OpenTV’s webseries, Brown Girls, is headed to a Home Box Office channel near you. The grassroots online show narrates the lives of varying women of color, with a focus on the queer community and the gritty, fly of everything that is Chicago.
The series’ home is Chi-town, which is why co-creator Samantha Bailey admits that she believed “people in Chicago would be down for it.”
Representation plays a major role in the entire series for the other half of the show’s creative team, Fatimah Asghar. She reveals that when they pitched to HBO, she wanted to transfer the Windy City’s “mercurial, resourceful, and sly” atmosphere to our living room screens.
Reiterating the “resourcefully fly” tendencies embedded in each character, Asghar reassures, “We don’t want a show that is flashy and smooth. We want a show that is gritty. That has this kind of realness to it.”

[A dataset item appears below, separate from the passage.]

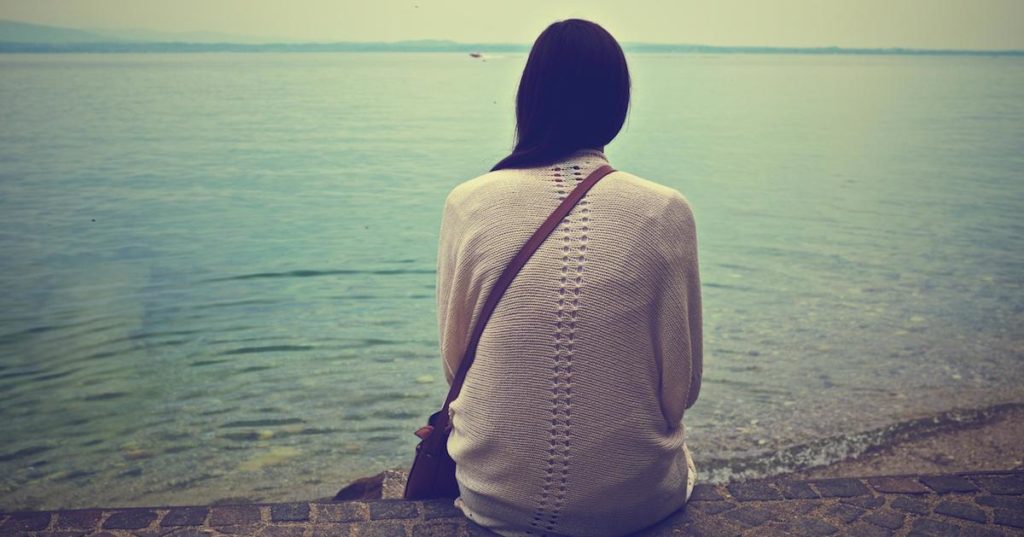 Woman Sitting on Ledge Facing the Ocean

For obvious reasons as simple as the title, the duo wanted Chicago to be portrayed from a woman’s point of view. From ensuring that all, but one, of the artists featured in the Brown Girls’s playlist were Chicago-based to filming in the Illinois city, they’ve pretty much achieved their goal. Humbling themselves, Asghar denotes their success to the triumph of Issa Rae.
“I don’t think we could be possible without Issa Rae,” Asghar begins, “Without Issa, and all the things she did to knock doors open, people would not have looked at us or taken us seriously. She kind of paved the way for us and we can do that for other folks. I hope we can do that for other girls. I hope that it can continue to happen to the point where we have such an abundance of different races on screen and people don’t feel like one show has to represent everything—it can represent a specific story of a specific individual.”
And we couldn’t be more thankful to Issa Rae for her inspiration. From Brown Girls’ soundtrack, to its authentically complex melanated characters, we could only hope for nothing less than the success that equates Issa Rae’s Insecure.